## Exercise details
Starting at the first line of the records below, reproduce every line up to and including the line with "Липосакция подбородка_Мирзарахимов", but leave out all pictures.

*** Source material Section Begins ***

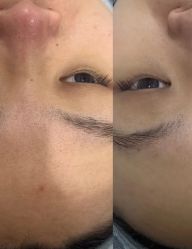 -SKIN79皮肤管理中心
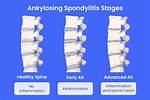 When Does Ankylosing Spondylitis Start?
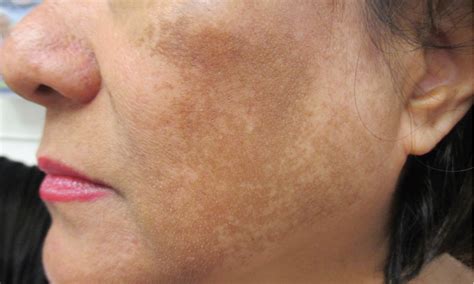 Hyperpigmented Patches On A Womans Sun Exposed Face Whats The Cause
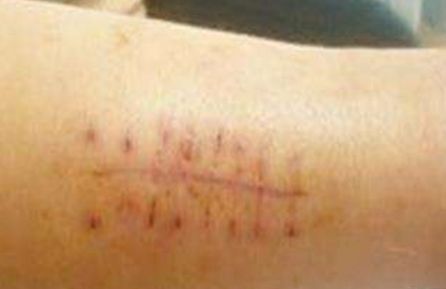 重慶治療雀斑靠譜的醫(yī)院有哪些？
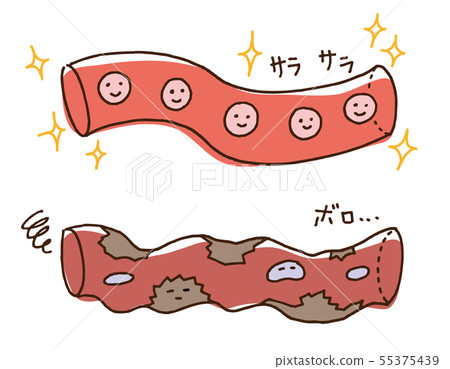 Healthy blood vessels rusted blood vessels - Stock Illustration ...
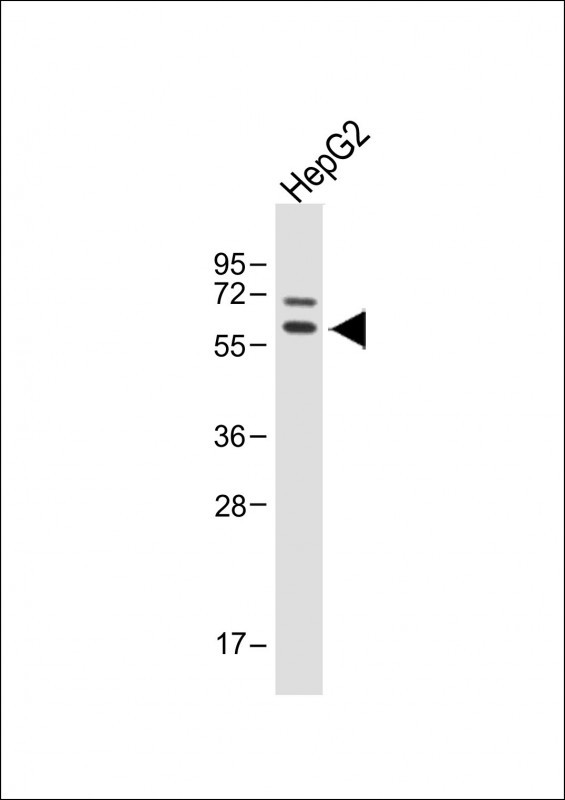 Rabbit Polyclonal Antibody to ASPG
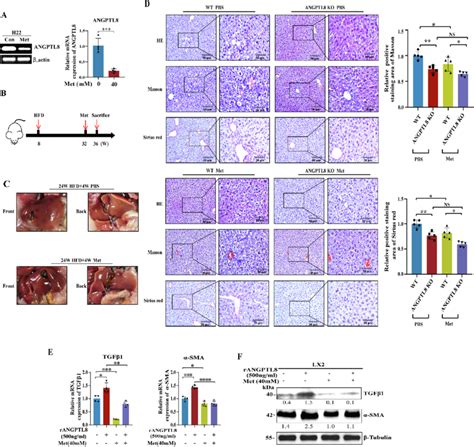 Effect Of Metformin On Hfd Induced Liver Fibrosis A Analysis Of The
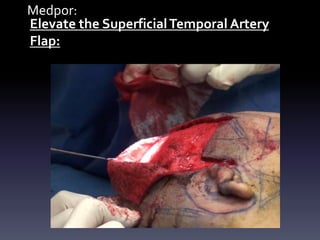 Medpor:
Elevate the SuperficialTemporal Artery
Flap:
 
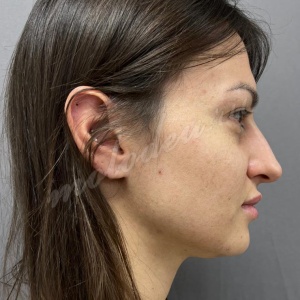 Липосакция подбородка_Мирзарахимов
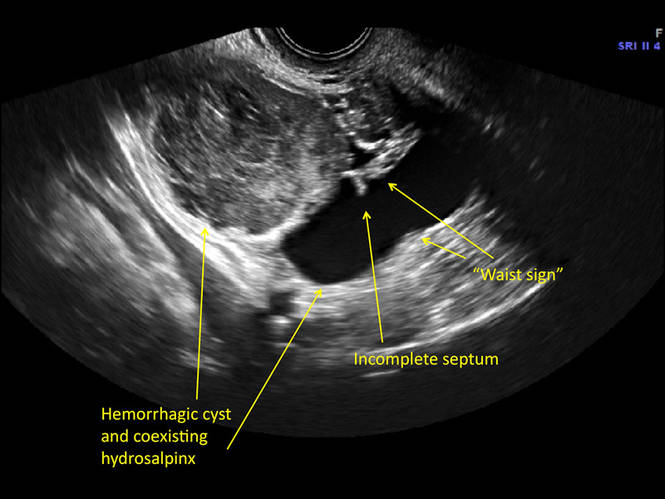 Hemorrhagic Ovarian Cyst Leaking Symptoms TLWK Hemorrhagic Ovarian Cyst Leaking Symptoms TLWK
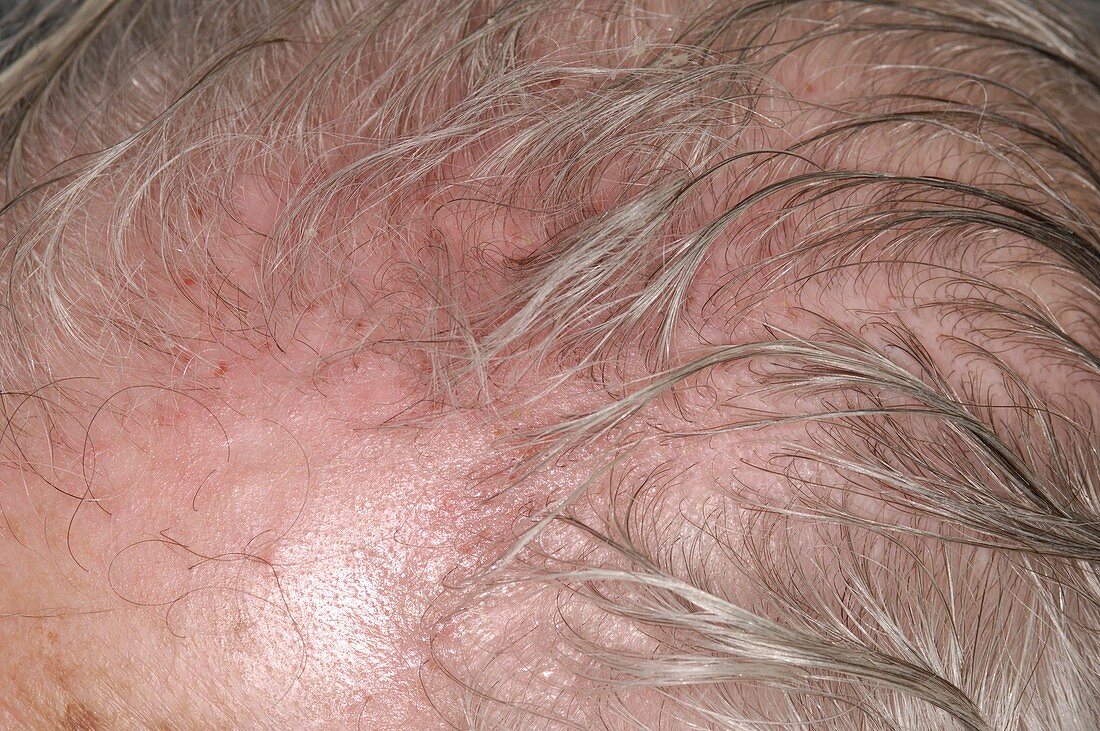 Scalp irritation after shingles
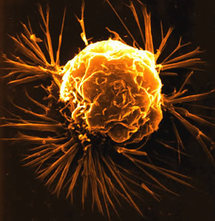 Stem cells point to more resilient cancer: study Stem cells point to more resilient cancer: study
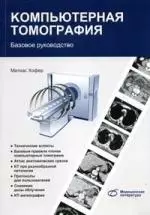 Компьютерная томография Базовое руководство / 2-е изд. - фото 1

*** Source material Section Ends ***

## Your response
 -SKIN79皮肤管理中心
 When Does Ankylosing Spondylitis Start?
 Hyperpigmented Patches On A Womans Sun Exposed Face Whats The Cause
 重慶治療雀斑靠譜的醫(yī)院有哪些？
 Healthy blood vessels rusted blood vessels - Stock Illustration ...
 Rabbit Polyclonal Antibody to ASPG
 Effect Of Metformin On Hfd Induced Liver Fibrosis A Analysis Of The
 Medpor:
Elevate the SuperficialTemporal Artery
Flap:
 
 Липосакция подбородка_Мирзарахимов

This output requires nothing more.